In this review, we posted every graph with both the Creator Mode results (as default) and the Game Mode results (as 1950X-GM) for the Threadripper 1950X. There were a number of trends worth pointing out.

The first big answer is that in (almost) every multi threaded benchmark that relied on all the threads pushing out data, Game Mode scored considerably less than Creator Mode. In our test suite, I earmarked 19 different tests that are designed to scale with thread count, and the results ranged from +1% (Octane) down to -48% (Corona) and -45% (LuxMark). To summarize, anything that wanted serious throughput, Game Mode was not the right mode to be in. But anyone could have told you that.

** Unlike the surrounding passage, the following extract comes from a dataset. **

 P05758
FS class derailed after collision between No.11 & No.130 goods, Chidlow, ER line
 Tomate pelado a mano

The next element is the single threaded tests in the suite. There are 10 of these if we include the four legacy benchmarks, and for the most part these are all within 5% of the Creator Mode results – some are above and some are below, but nothing majorly drastic. Two of the benchmarks, however, did get significant jumps from using Game Mode: Dolphin (+9%) and Agisoft Stage 3 (+38%). Agisoft is probably a hollow victory as overall that test only gains by 1%.

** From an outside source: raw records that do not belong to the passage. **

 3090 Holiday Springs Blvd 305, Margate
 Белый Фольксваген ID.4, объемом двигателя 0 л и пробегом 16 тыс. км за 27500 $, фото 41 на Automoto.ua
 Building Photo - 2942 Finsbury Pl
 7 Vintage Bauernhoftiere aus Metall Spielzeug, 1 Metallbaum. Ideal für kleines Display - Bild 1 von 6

We do run a few variable threaded loads, and the results here really depend on how much of a parallel task it is. As stated before, Agisoft goes up 1%, and perhaps surprisingly our Compile benchmark goes down 14%. One would have thought that the faster memory latency of Game Mode might counteract the lack of threads, especially when the L3 victim cache is of little use, but overall it would seem that our compile test likes the threads instead. WinRAR is a known memory-loving test, so Game Mode picked up a 3% win, and the web benchmarks that are variable threaded such as WebXPRT also picked up a 9% win. 

CPU Gaming Tests

Now we turn to our gaming tests. Because we test six different games with four different GPUs at two different resolutions, and in each case take averages and 99th percentiles, I’m going to present this data in a set of different ways. First, the overall gains based on the resolution:

Game Mode Gains Over Creative Mode
  1080p 4K
Average +0.6% +0.6%
99th +14.3% +8.0%

The two elements we can draw here are that Game Mode is beneficial mostly for 99th percentiles, but also it affects 1080p gaming over 4K gaming more.

This next table breaks it down by graphics card:

Game Mode Gains Over Creative Mode
NVIDIA GTX 1080 1080p 4K
Average -3.1% 0.0%
99th +1.6% +1.9%
NVIDIA GTX 1060 1080p 4K
Average -0.6% +0.1%
99th +3.1% +1.9%
AMD R9 Fury 1080p 4K
Average +2.5% +1.5%
99th +26.2% +14.4%
AMD RX 480 1080p 4K
Average +3.6% +0.6%
99th +25.0% +14.1%

Again, the data shows that 99th percentiles fare better over averages, although the AMD cards get a better uplift than the NVIDIA cards.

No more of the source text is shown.